OSIRIS-REx de la NASA lâchera la capsule d'échantillons d'astéroïdes en septembre de cette année, dans le but d'atterrir dans le désert du Grand Lac Salé, et l'équipe est prête à relever les défis lors de sa descente et de sa récupération. En septembre prochain, après avoir parcouru un milliard de kilomètres à travers le système solaire, la sonde spatiale OSIRIS-REx de la NASA effectuera un survol extraordinaire de la Terre. En passant, il libérera une capsule de la taille d’un mini-réfrigérateur contenant des échantillons de roches spatiales vierges collectés sur des astéroïdes situés entre les orbites de la Terre et de Mars.

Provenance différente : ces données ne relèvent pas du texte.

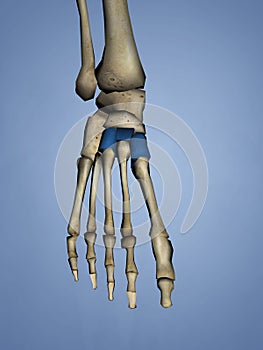 Cuneiform Bones, 3D Model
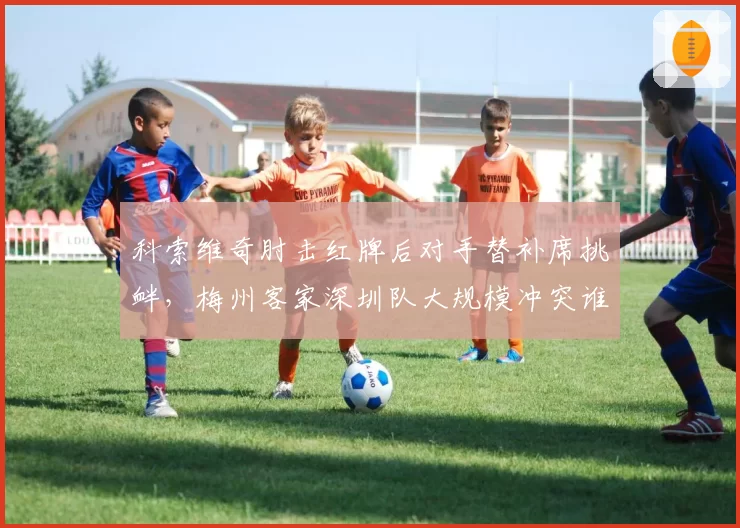 科索维奇肘击红牌后对手替补席挑衅，梅州客家深圳队大规模冲突谁来担责？
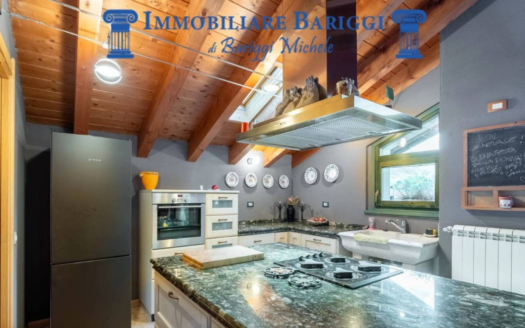 Aprica Penthouse in the Baradello area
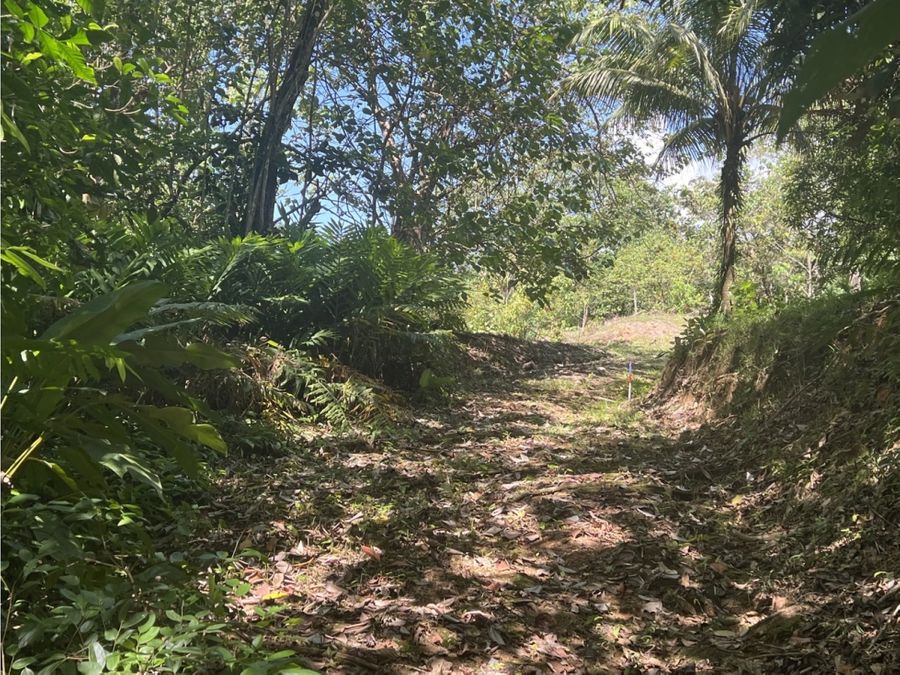 Building Lots for sale in Uvita Costa Rica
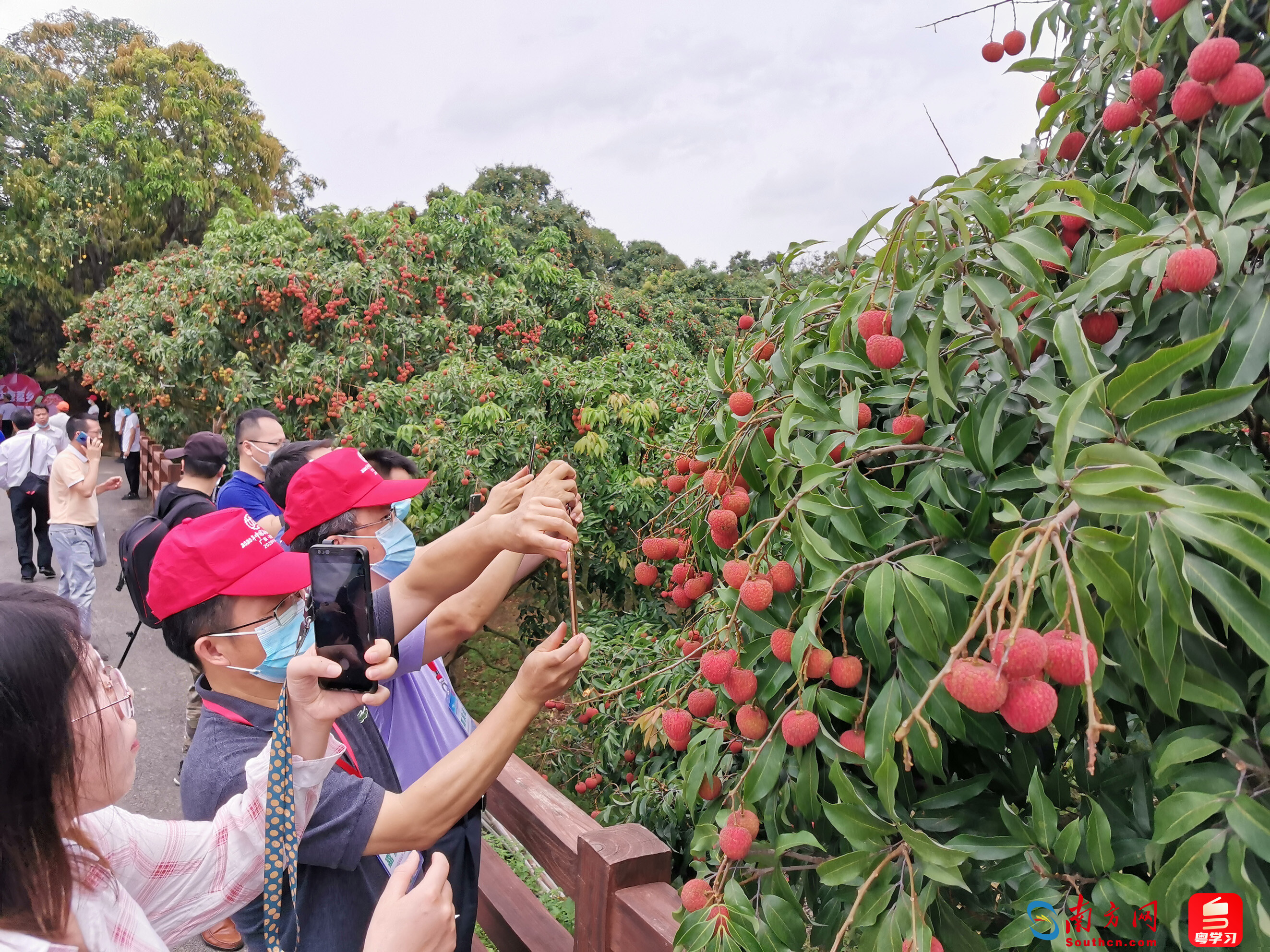 调研高质量发展步骤,高质量发展调研行贵州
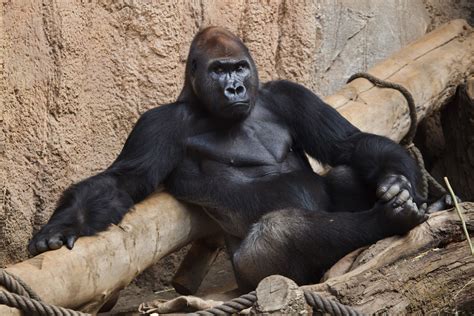 Gorilla Busting Dance Moves in a Bath (Video)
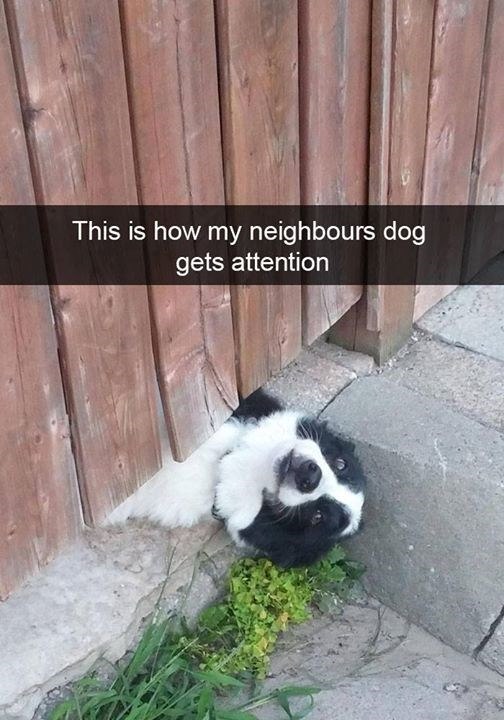 This is how my neighbours dog gets attention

OSIRIS-REx a collecté un échantillon d'une demi-livre à la surface de l'astéroïde Bennu en octobre 2020. La capsule de retour d'échantillon de la mission atterrira à l'aide d'un parachute le 24 septembre, tout comme le modèle d'entraînement présenté lors du test du 30 août au champ d'essai et d'entraînement du ministère de la Défense de l'Utah, dans le désert à l'extérieur de Salt Lake City. Crédit image : NASA/KeeganBarber
OSIRIS-REx - Origins, Spectral Interpretation, Resource Identification and Security - Regolith Explorer - est la première mission américaine à collecter des échantillons d'un astéroïde. Les scientifiques espèrent que la matière première collectée sur l'astéroïde Bennu en 2020 - environ une demi-livre de débris et de poussière provenant de la surface de l'astéroïde - fournira une fenêtre sur la formation du soleil et des planètes il y a 4,5 milliards d'années.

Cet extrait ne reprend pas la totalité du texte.